The record in the journals is like other records, and, as Lord COKE declares, is a monument of so high a nature, and importeth in itself of such verity, that if it be pleaded that there is no such record, it shall not receive any trial by witnesses, jury, or otherwise, but only by itself. 3 Bl. Comm. 331. There is nothing here in conflict with what is said in Sherman v. Story, 30 Cal. 256; for there the question arose as to a statute of which it was contended it was not properly published, and the court held to determine this fact it could not look beyond the statute as it was enrolled, authenticated, and deposited with the secretary of state. Here the point arises as to a proposed amendment to the constitution, and the law as to enrollment, authentication, and deposit with the secretary of state does not embrace it. Koehler v. Hill, 60 Iowa, 554; S. C. 14 N. W. Rep. 738, and 15 N. W. Rep. 609.

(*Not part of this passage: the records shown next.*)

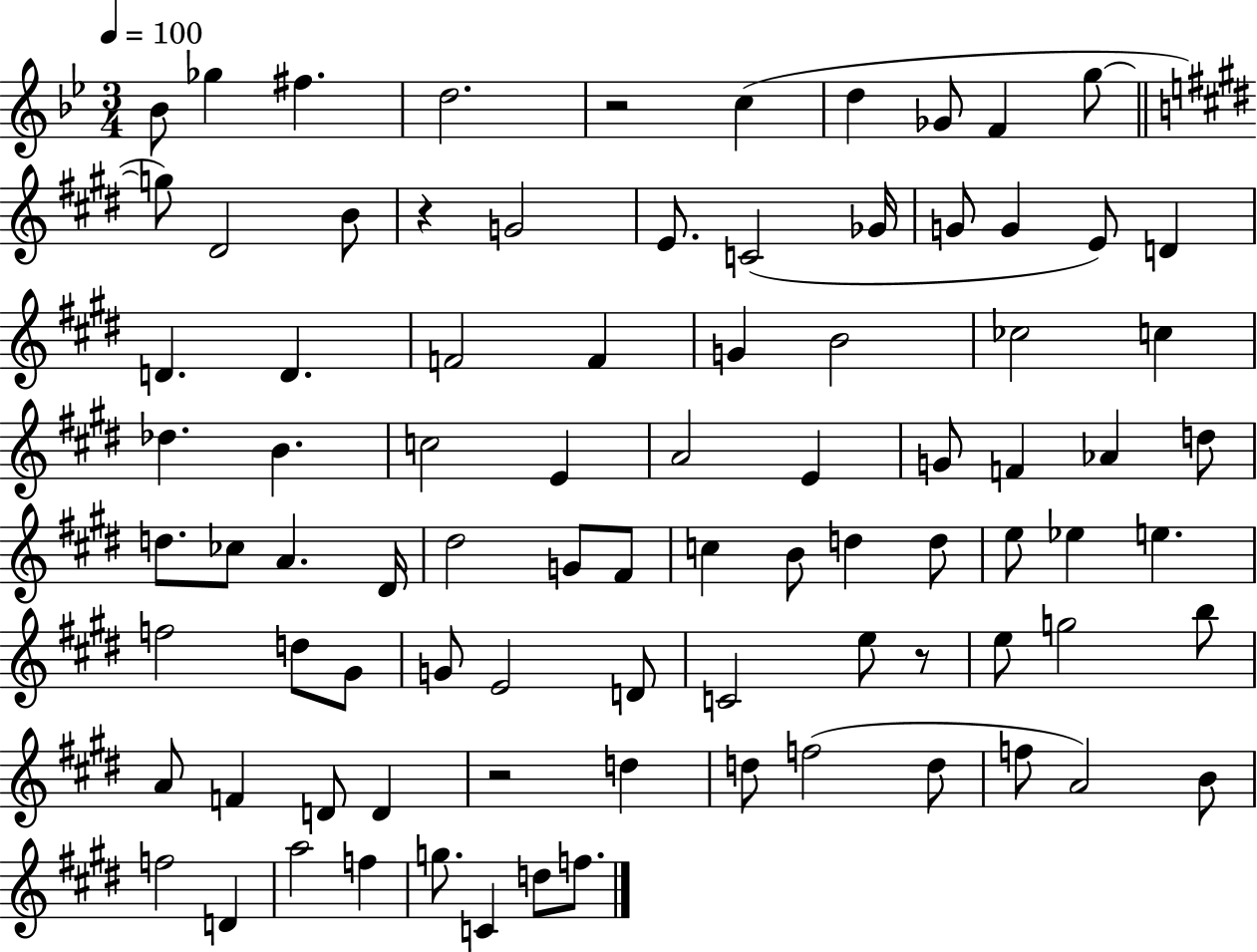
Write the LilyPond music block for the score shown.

{
  \clef treble
  \numericTimeSignature
  \time 3/4
  \key bes \major
  \tempo 4 = 100
  bes'8 ges''4 fis''4. | d''2. | r2 c''4( | d''4 ges'8 f'4 g''8~~ | \break \bar "||" \break \key e \major g''8) dis'2 b'8 | r4 g'2 | e'8. c'2( ges'16 | g'8 g'4 e'8) d'4 | \break d'4. d'4. | f'2 f'4 | g'4 b'2 | ces''2 c''4 | \break des''4. b'4. | c''2 e'4 | a'2 e'4 | g'8 f'4 aes'4 d''8 | \break d''8. ces''8 a'4. dis'16 | dis''2 g'8 fis'8 | c''4 b'8 d''4 d''8 | e''8 ees''4 e''4. | \break f''2 d''8 gis'8 | g'8 e'2 d'8 | c'2 e''8 r8 | e''8 g''2 b''8 | \break a'8 f'4 d'8 d'4 | r2 d''4 | d''8 f''2( d''8 | f''8 a'2) b'8 | \break f''2 d'4 | a''2 f''4 | g''8. c'4 d''8 f''8. | \bar "|."
}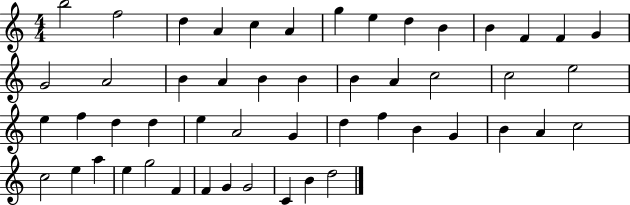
{
  \clef treble
  \numericTimeSignature
  \time 4/4
  \key c \major
  b''2 f''2 | d''4 a'4 c''4 a'4 | g''4 e''4 d''4 b'4 | b'4 f'4 f'4 g'4 | \break g'2 a'2 | b'4 a'4 b'4 b'4 | b'4 a'4 c''2 | c''2 e''2 | \break e''4 f''4 d''4 d''4 | e''4 a'2 g'4 | d''4 f''4 b'4 g'4 | b'4 a'4 c''2 | \break c''2 e''4 a''4 | e''4 g''2 f'4 | f'4 g'4 g'2 | c'4 b'4 d''2 | \break \bar "|."
}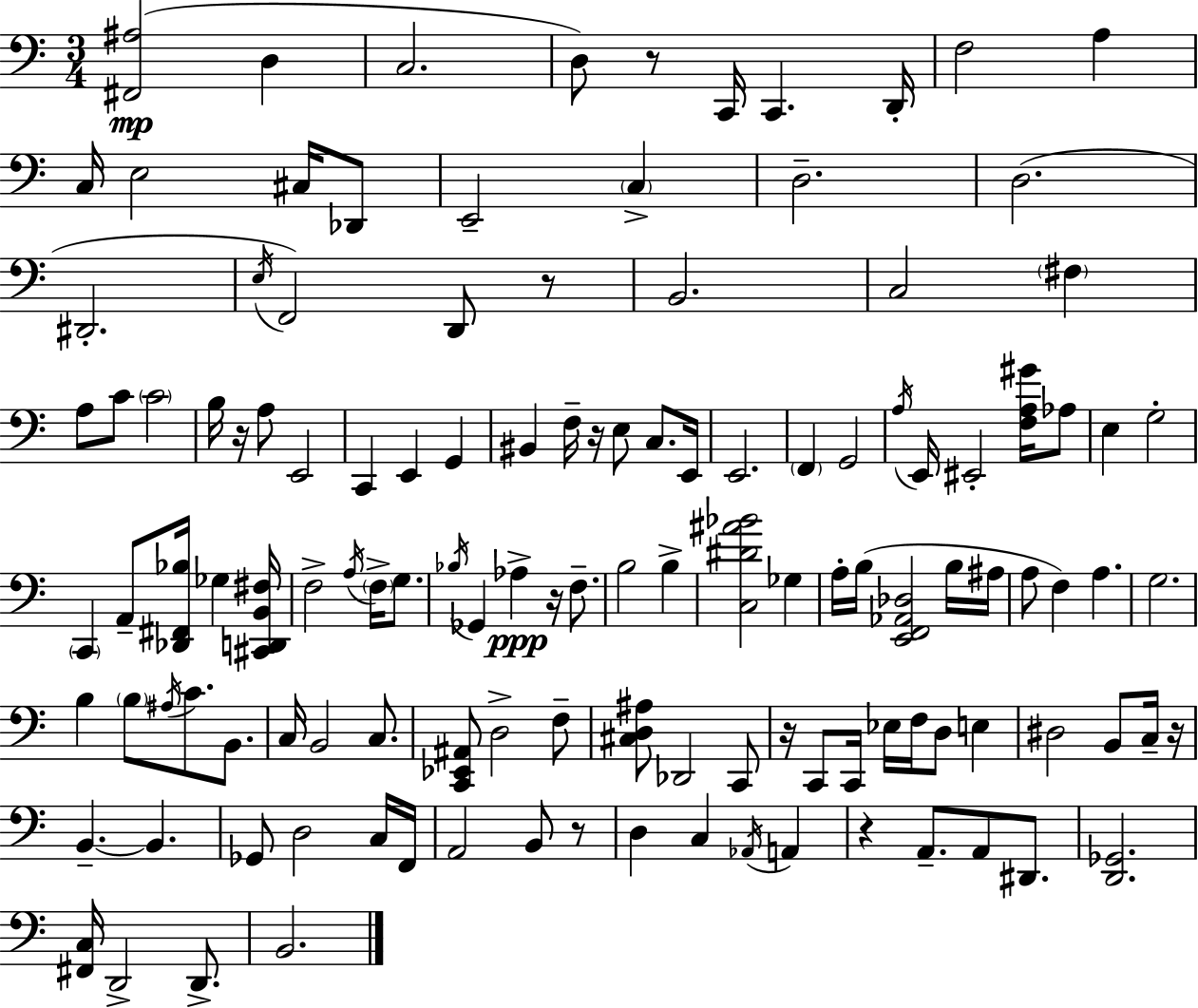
{
  \clef bass
  \numericTimeSignature
  \time 3/4
  \key c \major
  <fis, ais>2(\mp d4 | c2. | d8) r8 c,16 c,4. d,16-. | f2 a4 | \break c16 e2 cis16 des,8 | e,2-- \parenthesize c4-> | d2.-- | d2.( | \break dis,2.-. | \acciaccatura { e16 }) f,2 d,8 r8 | b,2. | c2 \parenthesize fis4 | \break a8 c'8 \parenthesize c'2 | b16 r16 a8 e,2 | c,4 e,4 g,4 | bis,4 f16-- r16 e8 c8. | \break e,16 e,2. | \parenthesize f,4 g,2 | \acciaccatura { a16 } e,16 eis,2-. <f a gis'>16 | aes8 e4 g2-. | \break \parenthesize c,4 a,8-- <des, fis, bes>16 ges4 | <cis, d, b, fis>16 f2-> \acciaccatura { a16 } \parenthesize f16-> | g8. \acciaccatura { bes16 } ges,4 aes4->\ppp | r16 f8.-- b2 | \break b4-> <c dis' ais' bes'>2 | ges4 a16-. b16( <e, f, aes, des>2 | b16 ais16 a8 f4) a4. | g2. | \break b4 \parenthesize b8 \acciaccatura { ais16 } c'8. | b,8. c16 b,2 | c8. <c, ees, ais,>8 d2-> | f8-- <cis d ais>8 des,2 | \break c,8 r16 c,8 c,16 ees16 f16 d8 | e4 dis2 | b,8 c16-- r16 b,4.--~~ b,4. | ges,8 d2 | \break c16 f,16 a,2 | b,8 r8 d4 c4 | \acciaccatura { aes,16 } a,4 r4 a,8.-- | a,8 dis,8. <d, ges,>2. | \break <fis, c>16 d,2-> | d,8.-> b,2. | \bar "|."
}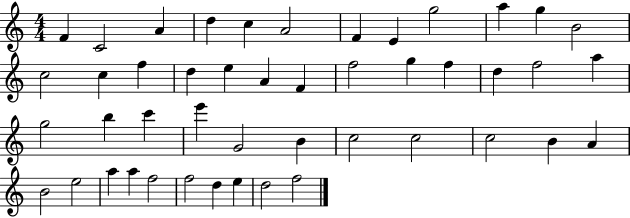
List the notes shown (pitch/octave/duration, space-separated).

F4/q C4/h A4/q D5/q C5/q A4/h F4/q E4/q G5/h A5/q G5/q B4/h C5/h C5/q F5/q D5/q E5/q A4/q F4/q F5/h G5/q F5/q D5/q F5/h A5/q G5/h B5/q C6/q E6/q G4/h B4/q C5/h C5/h C5/h B4/q A4/q B4/h E5/h A5/q A5/q F5/h F5/h D5/q E5/q D5/h F5/h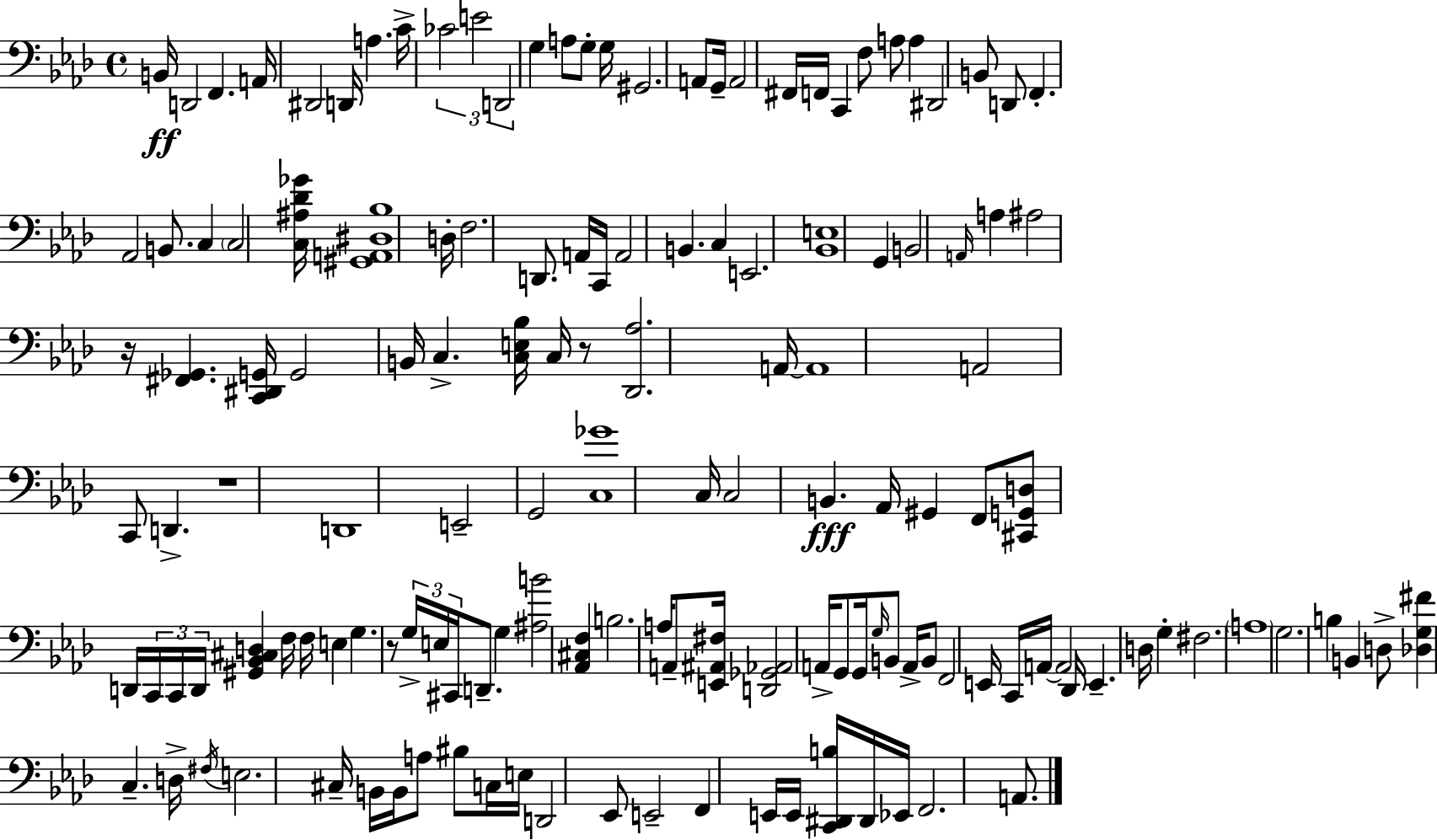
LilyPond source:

{
  \clef bass
  \time 4/4
  \defaultTimeSignature
  \key f \minor
  b,16\ff d,2 f,4. a,16 | dis,2 d,16 a4. c'16-> | \tuplet 3/2 { ces'2 e'2 | d,2 } g4 a8 g8-. | \break g16 gis,2. a,8 g,16-- | a,2 fis,16 f,16 c,4 f8 | a8 a4 dis,2 b,8 | d,8 f,4.-. aes,2 | \break b,8. c4 \parenthesize c2 <c ais des' ges'>16 | <gis, a, dis bes>1 | d16-. f2. d,8. | a,16 c,16 a,2 b,4. | \break c4 e,2. | <bes, e>1 | g,4 b,2 \grace { a,16 } a4 | ais2 r16 <fis, ges,>4. | \break <c, dis, g,>16 g,2 b,16 c4.-> | <c e bes>16 c16 r8 <des, aes>2. | a,16~~ a,1 | a,2 c,8 d,4.-> | \break r1 | d,1 | e,2-- g,2 | <c ges'>1 | \break c16 c2 b,4.\fff | aes,16 gis,4 f,8 <cis, g, d>8 d,16 \tuplet 3/2 { c,16 c,16 d,16 } <gis, bes, cis d>4 | f16 f16 e4 g4. r8 \tuplet 3/2 { g16-> | e16 cis,16 } d,8.-- g4 <ais b'>2 | \break <aes, cis f>4 b2. | a16 a,8-- <e, ais, fis>16 <d, ges, aes,>2 a,16-> g,8 | g,16 \grace { g16 } b,8 a,16-> b,8 f,2 e,16 | c,16 a,16~~ a,2 des,16 e,4.-- | \break d16 g4-. fis2. | \parenthesize a1 | g2. b4 | b,4 d8-> <des g fis'>4 c4.-- | \break d16-> \acciaccatura { fis16 } e2. | cis16-- b,16 b,16 a8 bis8 c16 e16 d,2 | ees,8 e,2-- f,4 e,16 | e,16 <c, dis, b>16 dis,16 ees,16 f,2. | \break a,8. \bar "|."
}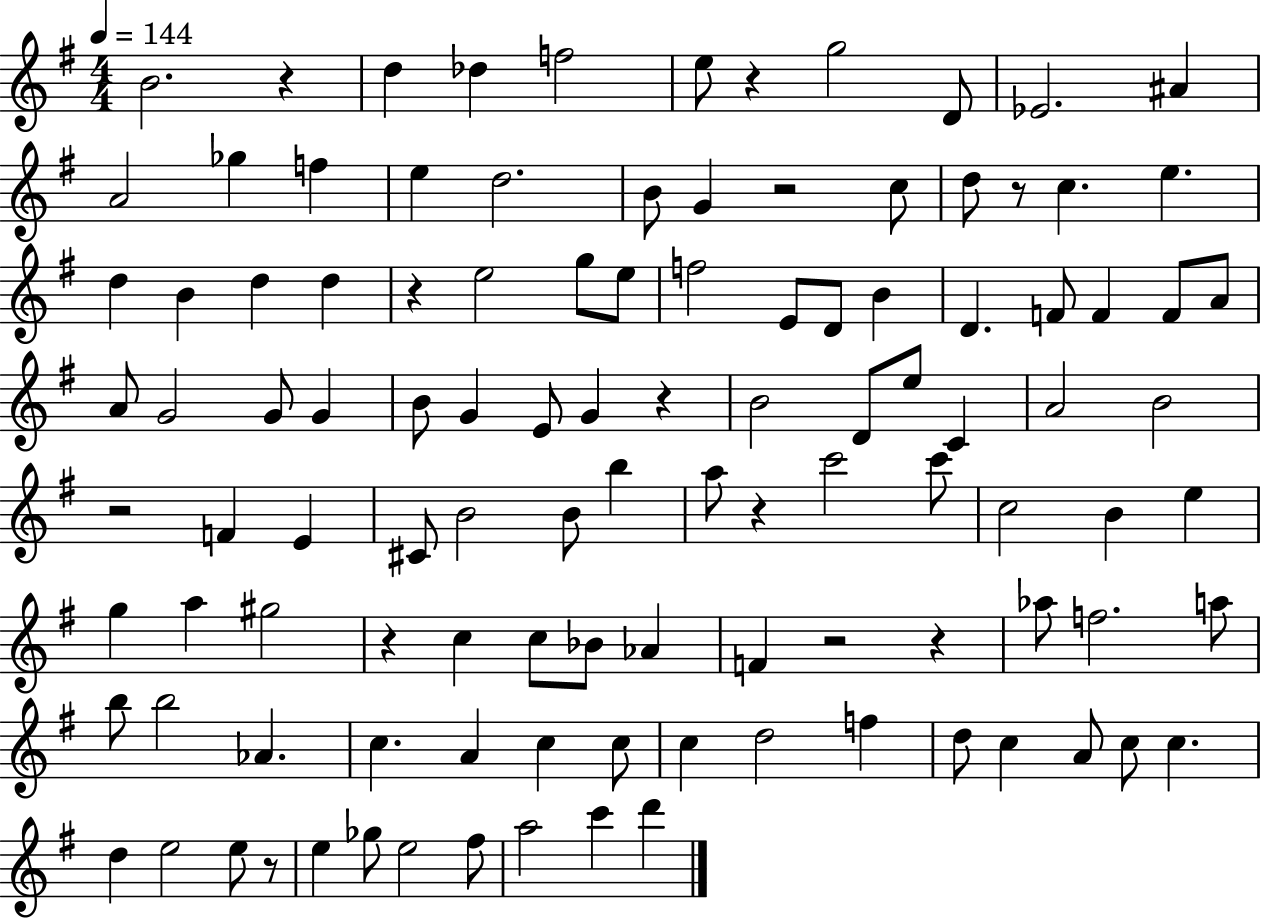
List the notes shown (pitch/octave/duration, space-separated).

B4/h. R/q D5/q Db5/q F5/h E5/e R/q G5/h D4/e Eb4/h. A#4/q A4/h Gb5/q F5/q E5/q D5/h. B4/e G4/q R/h C5/e D5/e R/e C5/q. E5/q. D5/q B4/q D5/q D5/q R/q E5/h G5/e E5/e F5/h E4/e D4/e B4/q D4/q. F4/e F4/q F4/e A4/e A4/e G4/h G4/e G4/q B4/e G4/q E4/e G4/q R/q B4/h D4/e E5/e C4/q A4/h B4/h R/h F4/q E4/q C#4/e B4/h B4/e B5/q A5/e R/q C6/h C6/e C5/h B4/q E5/q G5/q A5/q G#5/h R/q C5/q C5/e Bb4/e Ab4/q F4/q R/h R/q Ab5/e F5/h. A5/e B5/e B5/h Ab4/q. C5/q. A4/q C5/q C5/e C5/q D5/h F5/q D5/e C5/q A4/e C5/e C5/q. D5/q E5/h E5/e R/e E5/q Gb5/e E5/h F#5/e A5/h C6/q D6/q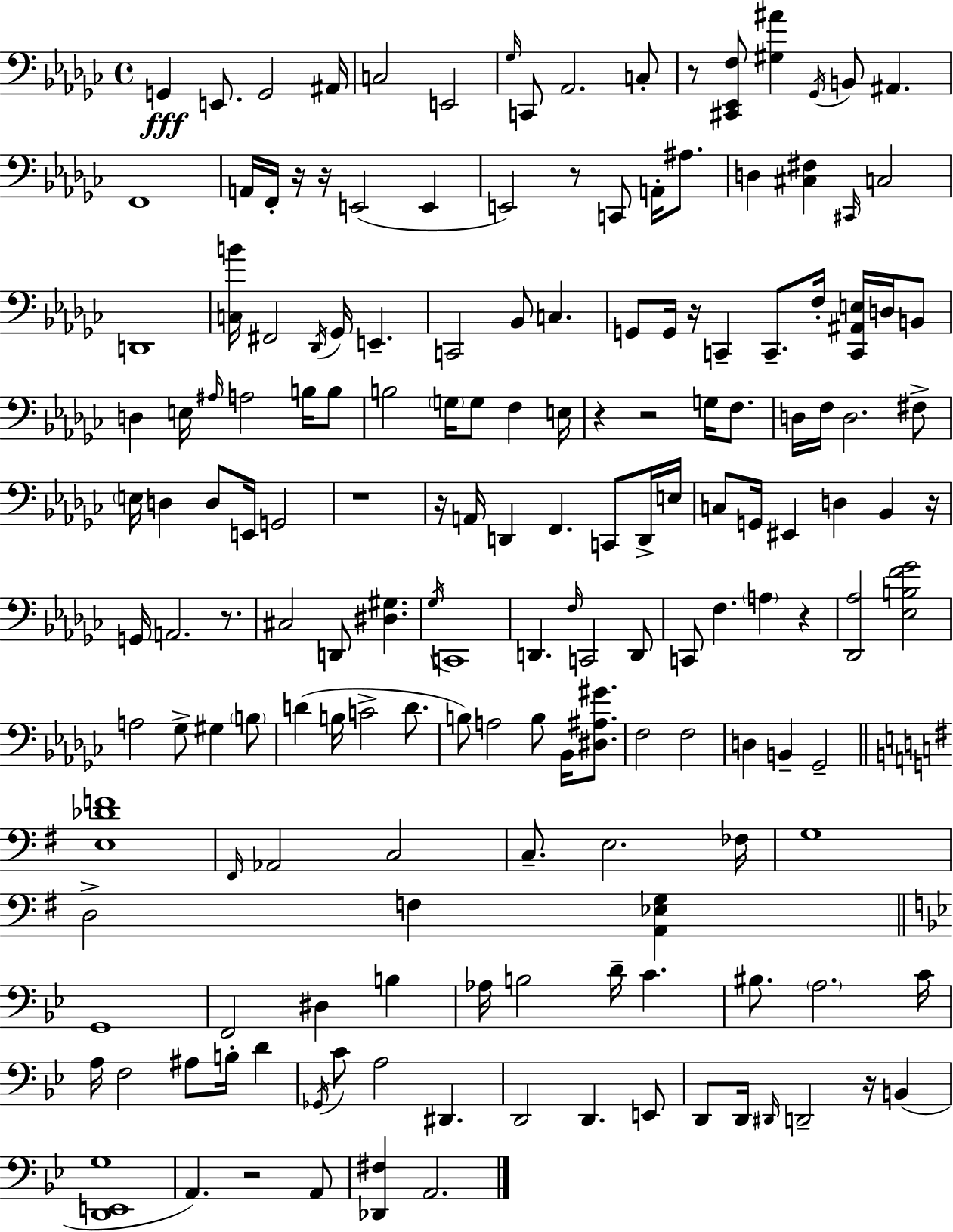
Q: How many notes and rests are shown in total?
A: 170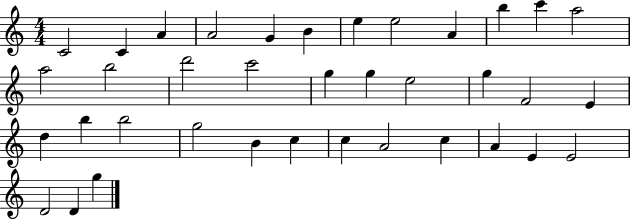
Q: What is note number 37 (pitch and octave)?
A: G5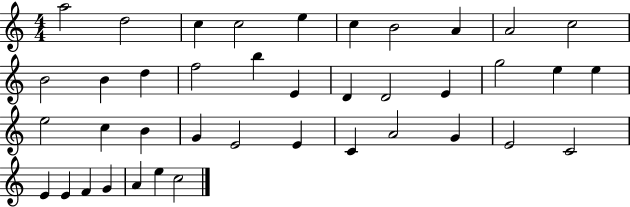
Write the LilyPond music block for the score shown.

{
  \clef treble
  \numericTimeSignature
  \time 4/4
  \key c \major
  a''2 d''2 | c''4 c''2 e''4 | c''4 b'2 a'4 | a'2 c''2 | \break b'2 b'4 d''4 | f''2 b''4 e'4 | d'4 d'2 e'4 | g''2 e''4 e''4 | \break e''2 c''4 b'4 | g'4 e'2 e'4 | c'4 a'2 g'4 | e'2 c'2 | \break e'4 e'4 f'4 g'4 | a'4 e''4 c''2 | \bar "|."
}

No provision exists in the constitution which allows such proposed amendment to be entered on the journal of either house by an identifying reference. We cannot wipe out the requirements of the constitution by any such euphuism or any device of that character. The constitutional requirement is imperative and peremptory, and demands obedience. In Crosby v. Dowd, 61 Cal. 557, the judgment on foreclosure of a mortgage described the premises as to which the foreclosure was decreed by reference to certain deeds recorded in the recorder's office of Santa Clara county, and stating the books and pages in which they were transcribed, and the dates of their recordation. The property was sold under this judgment. The purchaser brought ejectment on the sheriff's deed executed to him upon the sale. This court held that the judgment did not describe the property sold, and that the purchaser could not, for that reason, recover. The judgment was held to be no judgment at all,-void. The judgment was a record, the description in which could not, as in a conveyance, be made good by evidence aliunde. The record must be tried by itself. Here was a case of identifying reference; yet the identifying reference was held of no avail. It was held insufficient in a judgment inter partes, but here we are called on to hold it sufficient in a matter where the constitution is most explicit in its requirements as to what shall go into the record.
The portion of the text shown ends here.